BEIJING, Aug. 23 (UPI) — China’s trade surplus may drop to $100 billion this year from last year’s $183 billion as imports rise and exports weaken, a trade expert said.
There could even be a trade balance in 2012, China Daily reported Tuesday, quoting Wei Jianguo, secretary-general of the think tank China Center for International Economic Exchange.
Wei, who spoke to the newspaper on the sidelines of the annual Beijing-Tokyo Forum, said imports are set to grow next year, while exports could be hit because of weakening demand from the United States and the European Union.
“Next year will be a critical period for China’s trade, as the ongoing debt crisis in the EU and U.S. reduces their demand while yuan appreciation and ever-increasing trade protectionism hit China’s exports,” said Wei, a former deputy commerce minister.
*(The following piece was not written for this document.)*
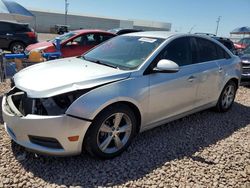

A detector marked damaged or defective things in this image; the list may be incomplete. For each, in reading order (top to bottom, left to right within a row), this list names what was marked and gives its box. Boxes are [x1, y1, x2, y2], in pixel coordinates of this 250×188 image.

He said China’s exports to emerging economies may be growing rapidly, but only account for a third of those lost to developed economies.
“With exports declining next year and imports picking up, China may achieve a trade balance,” he said, adding the annual rate of export growth to EU countries could come down to about 15 percent this year, compared with 28 percent last year.
Currently, the EU is China’s largest trade partner, ahead of the United States and Japan.
Wei said the yuan topped 6.4 to the U.S. dollar for the first time in 17 years, and the Chinese currency is expected to appreciate by 7 percent this year and another 5 percent to 7 percent next year.